All three types of decisions are interrelated, the first two pertaining to any kind of organisation while the third relates only to profit-making organisations, thus it can be seen that financial management is of vital importance at every level of business activity, from a sole trader to the largest multinational corporation.
Long term Finance Function Decisions.
(a) Investment decisions (I) : These decisions relate to the selection of assets in which funds will be invested by a firm. Funds procured from different sources have to be invested in various kinds of assets. Long term funds are used in a project for various fixed assets and also for current assets. The investment of funds in a project has to be made after careful assessment of the various projects through capital budgeting. A part of long term funds is also to be kept for financing the working capital requirements. Asset management policies are to be laid down regarding various items of current assets. The inventory policy would be determined by the production manager and the finance manager keeping in view the requirement of production and the future price estimates of raw materials and the availability of funds.
(b) Financing decisions (F): These decisions relate to acquiring the optimum finance to meet financial objectives and seeing that fixed and working capital are effectively managed. The financial manager needs to possess a good knowledge of the sources of available funds and their respective costs and needs to ensure that the company has a sound capital structure, i.e. a proper balance between equity capital and debt. Such managers also need to have a very clear understanding as to the difference between profit and cash flow, bearing in mind that profit is of little avail unless the organisation is adequately supported by cash to pay for assets and sustain the working capital cycle. Financing decisions also call for a good knowledge of evaluation of risk, e.g. excessive debt carried high risk for an organization’s equity because of the priority rights of the lenders. A major area for risk-related decisions is in overseas trading, where an organisation is vulnerable to currency fluctuations, and the manager must be well aware of the various protective procedures such as hedging (it is a strategy designed to minimize, reduce or cancel out the risk in another investment) available to him. For example, someone who has a shop, takes care of the risk of the goods being destroyed by fire by hedging it via a fire insurance contract.

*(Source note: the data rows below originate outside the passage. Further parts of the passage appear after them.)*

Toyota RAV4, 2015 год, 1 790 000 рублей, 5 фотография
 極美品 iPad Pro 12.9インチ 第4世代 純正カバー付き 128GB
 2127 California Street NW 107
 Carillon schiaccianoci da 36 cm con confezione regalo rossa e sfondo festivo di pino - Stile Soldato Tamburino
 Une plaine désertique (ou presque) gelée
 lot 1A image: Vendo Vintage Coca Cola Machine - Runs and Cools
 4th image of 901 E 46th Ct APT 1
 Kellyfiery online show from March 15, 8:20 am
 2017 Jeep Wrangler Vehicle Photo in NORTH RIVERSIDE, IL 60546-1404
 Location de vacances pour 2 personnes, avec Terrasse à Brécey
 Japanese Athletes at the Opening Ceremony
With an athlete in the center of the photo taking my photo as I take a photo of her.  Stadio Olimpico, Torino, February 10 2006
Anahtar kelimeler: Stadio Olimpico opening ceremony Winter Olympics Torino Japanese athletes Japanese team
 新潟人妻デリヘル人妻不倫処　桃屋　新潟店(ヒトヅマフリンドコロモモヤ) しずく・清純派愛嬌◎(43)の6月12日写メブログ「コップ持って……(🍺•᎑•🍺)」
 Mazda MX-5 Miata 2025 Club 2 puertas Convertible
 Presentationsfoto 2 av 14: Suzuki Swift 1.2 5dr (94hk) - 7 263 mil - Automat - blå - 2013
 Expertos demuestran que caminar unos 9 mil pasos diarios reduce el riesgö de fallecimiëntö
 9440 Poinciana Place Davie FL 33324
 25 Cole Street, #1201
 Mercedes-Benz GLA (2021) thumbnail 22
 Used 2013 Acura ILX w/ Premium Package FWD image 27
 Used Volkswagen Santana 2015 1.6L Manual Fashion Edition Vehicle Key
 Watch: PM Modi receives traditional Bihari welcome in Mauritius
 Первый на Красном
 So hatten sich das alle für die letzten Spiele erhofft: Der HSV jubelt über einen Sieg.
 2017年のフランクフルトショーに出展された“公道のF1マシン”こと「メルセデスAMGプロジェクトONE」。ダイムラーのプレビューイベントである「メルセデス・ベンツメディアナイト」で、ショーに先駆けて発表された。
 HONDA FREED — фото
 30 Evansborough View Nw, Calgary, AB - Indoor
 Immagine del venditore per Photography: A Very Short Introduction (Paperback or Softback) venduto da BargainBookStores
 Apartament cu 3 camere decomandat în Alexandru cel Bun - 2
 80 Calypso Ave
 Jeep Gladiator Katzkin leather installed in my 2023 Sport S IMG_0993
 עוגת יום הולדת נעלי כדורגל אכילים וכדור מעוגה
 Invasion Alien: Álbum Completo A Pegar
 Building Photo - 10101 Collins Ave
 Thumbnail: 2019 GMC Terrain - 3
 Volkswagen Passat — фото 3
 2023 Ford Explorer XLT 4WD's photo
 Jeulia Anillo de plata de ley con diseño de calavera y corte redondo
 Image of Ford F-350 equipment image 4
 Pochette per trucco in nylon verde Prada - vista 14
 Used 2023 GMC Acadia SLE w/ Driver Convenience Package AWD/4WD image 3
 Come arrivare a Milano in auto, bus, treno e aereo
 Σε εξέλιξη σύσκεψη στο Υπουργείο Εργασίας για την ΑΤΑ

(c) Dividend decisions(D): These decisions relate to the determination as to how much and how frequently cash can be paid out of the profits of an organisation as income for its owners/shareholders. The owner of any profit-making organization looks for reward for his investment in two ways, the growth of the capital invested and the cash paid out as income; for a sole trader this income would be termed as drawings and for a limited liability company the term is dividends.
The dividend decision thus has two elements – the amount to be paid out and the amount to be retained to support the growth of the organisation, the latter being also a financing decision; the level and regular growth of dividends represent a significant factor in determining a profit-making company’s market value, i.e. the value placed on its shares by the stock market.
All three types of decisions are interrelated, the first two pertaining to any kind of organisation while the third relates only to profit-making organisations, thus it can be seen that financial management is of vital importance at every level of business activity, from a sole trader to the largest multinational corporation.